[What you will do]
Retype each record below word for word, pictures excluded.

[Start of Attachment]

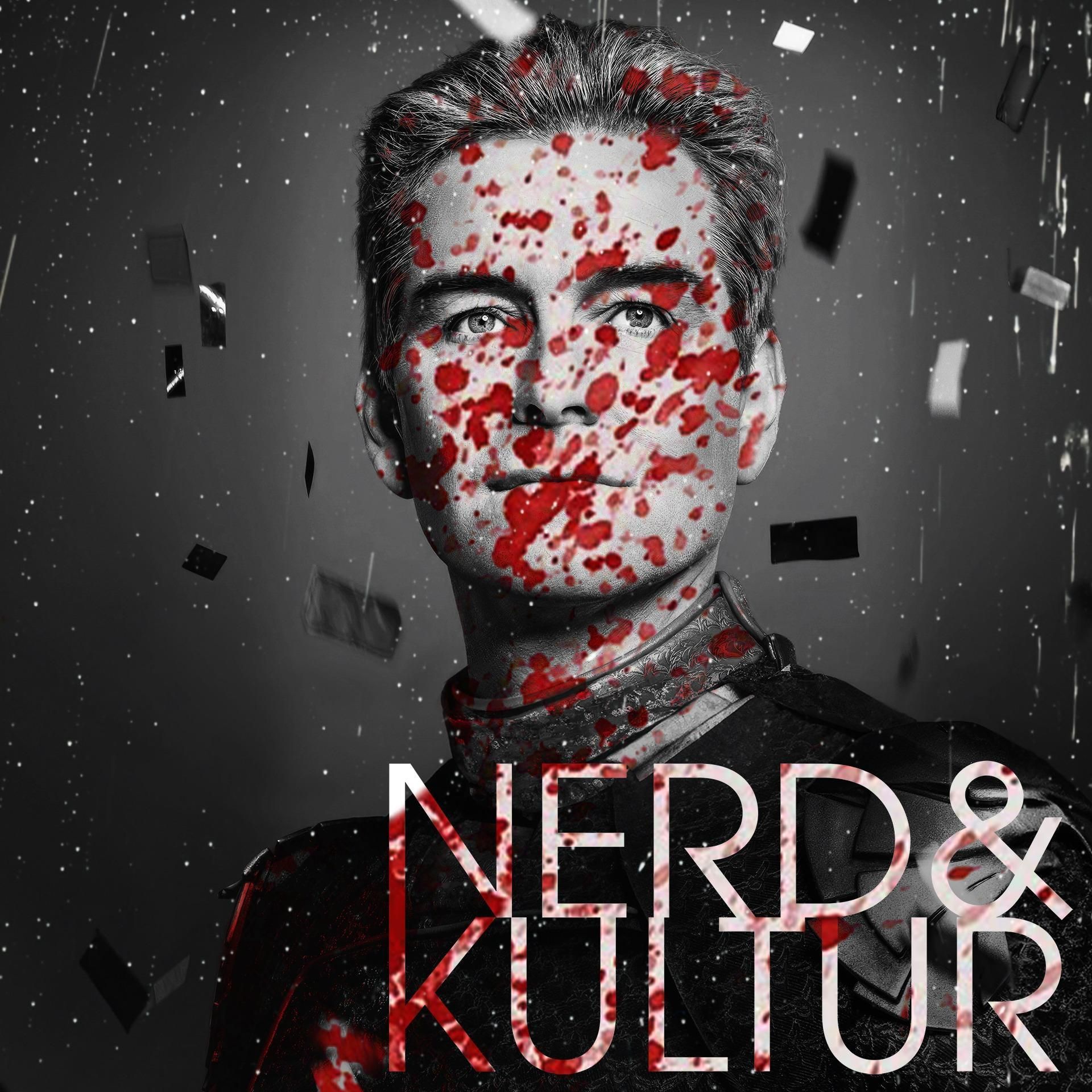 THE BOYS are back in town!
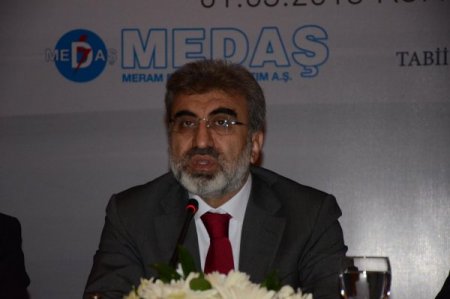 Bakan Yıldız: Yaz saati uygulamasına devam edeceğiz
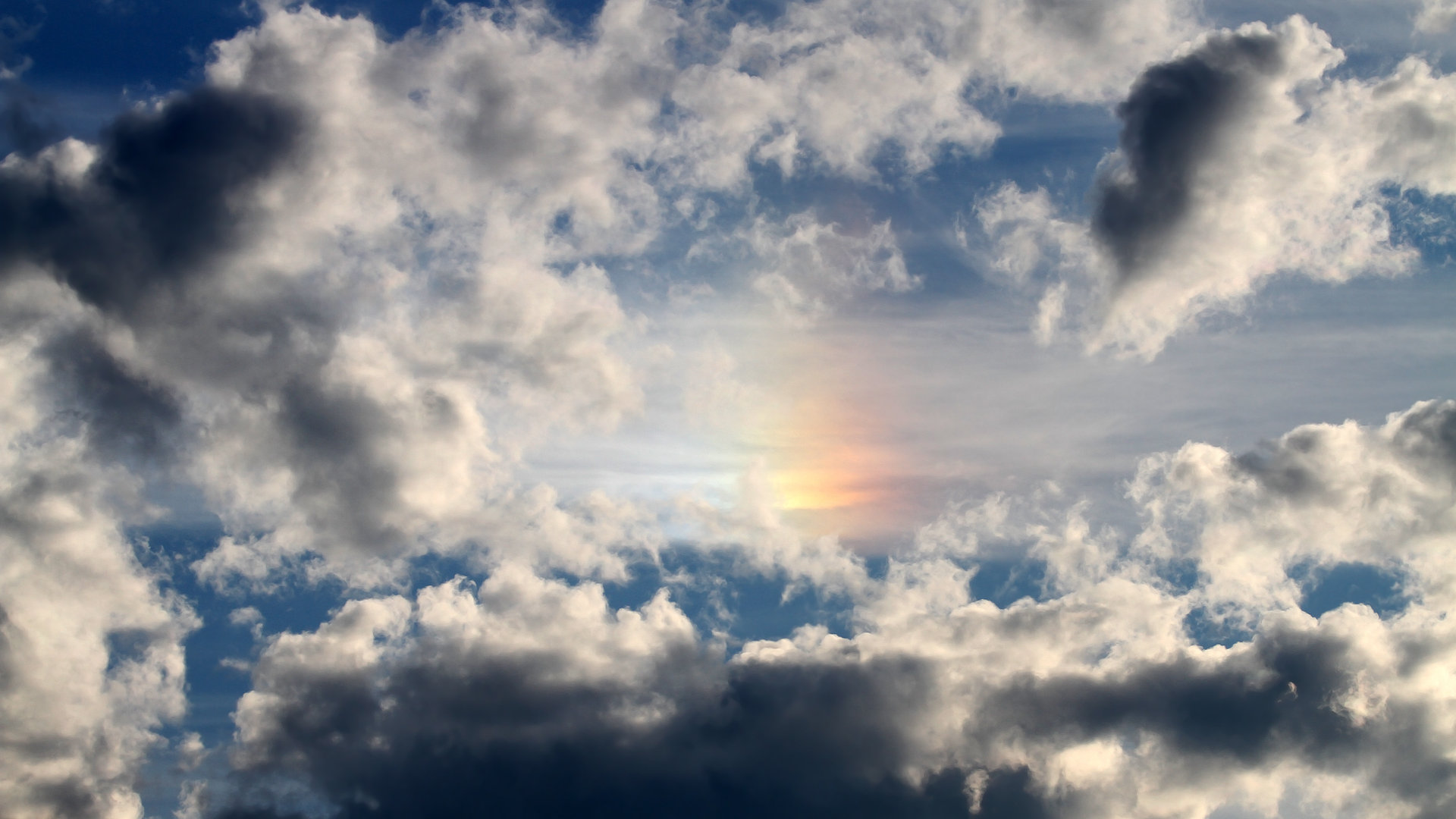 丁俊晖赛后怒斥裁判斯诺克世锦赛,丁俊晖斯诺克世锦赛最好成绩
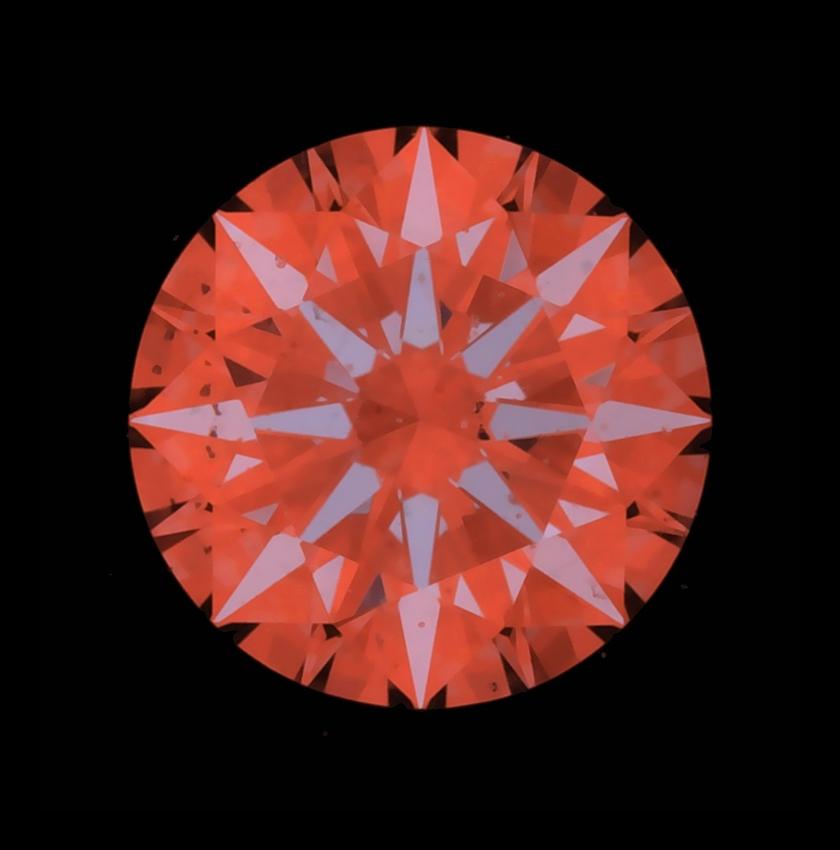 Arrows Diamond Image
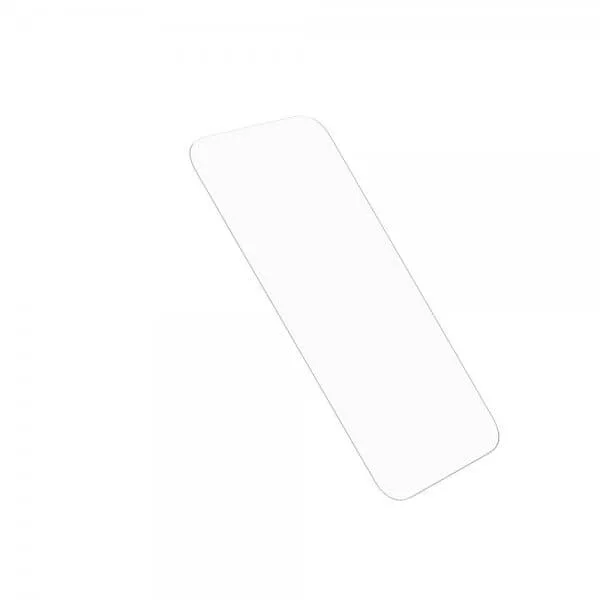 Otterbox iPhone 15 Pro Skärmskydd Glass
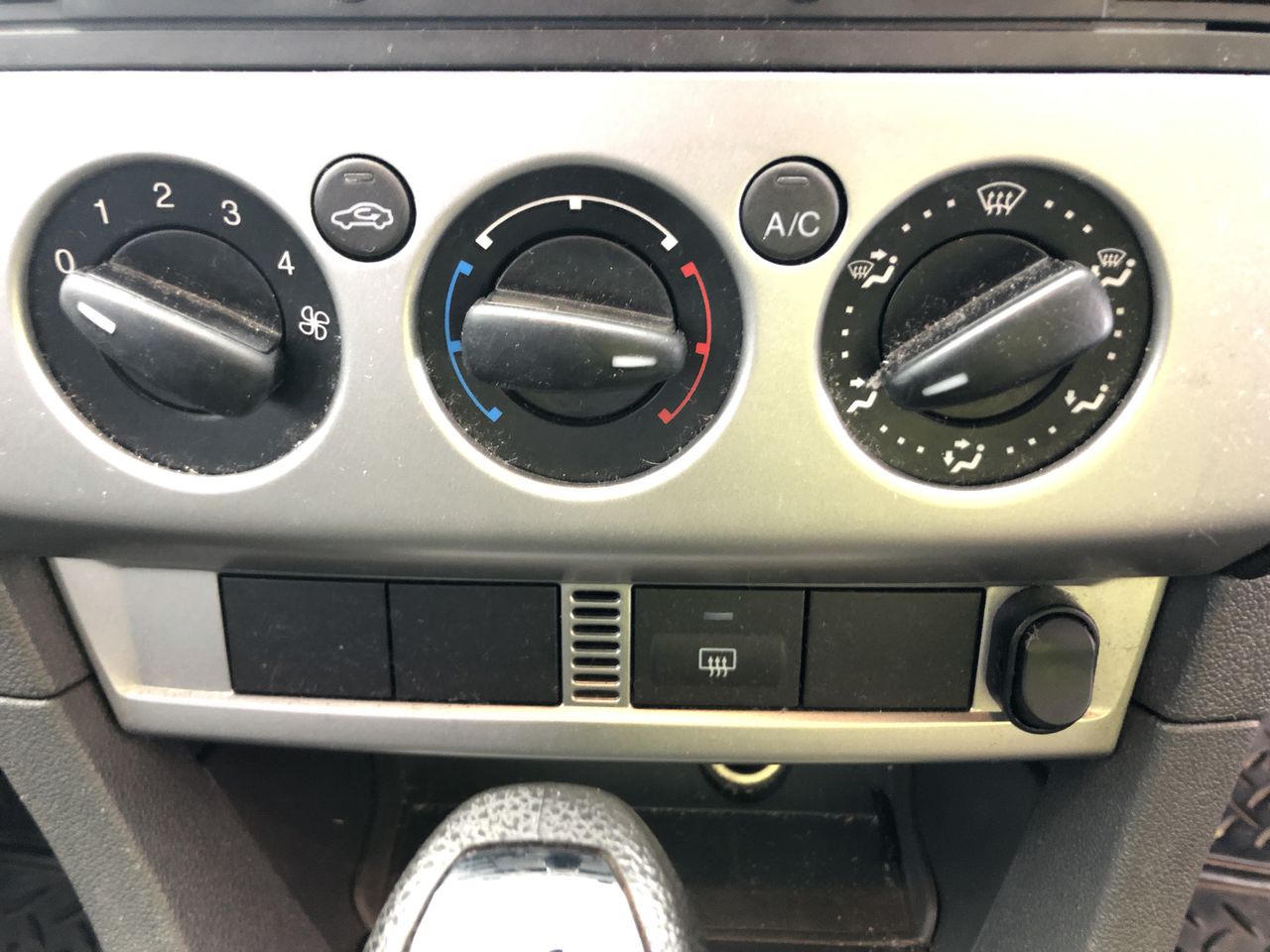 4K HD 1080P Digital Camera 16X Zoom Autofocus Vlogging Camera Photography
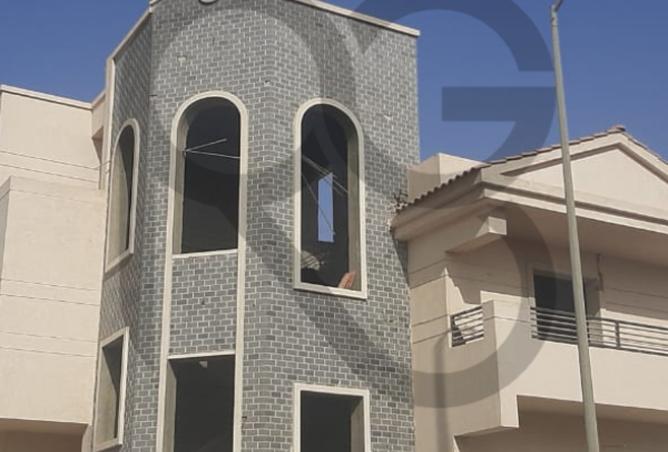8146697 - صورة العقار 3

[End of Attachment]

[Solution for this task]
 THE BOYS are back in town!
 Bakan Yıldız: Yaz saati uygulamasına devam edeceğiz
 丁俊晖赛后怒斥裁判斯诺克世锦赛,丁俊晖斯诺克世锦赛最好成绩
 Arrows Diamond Image
 Otterbox iPhone 15 Pro Skärmskydd Glass
 4K HD 1080P Digital Camera 16X Zoom Autofocus Vlogging Camera Photography
8146697 - صورة العقار 3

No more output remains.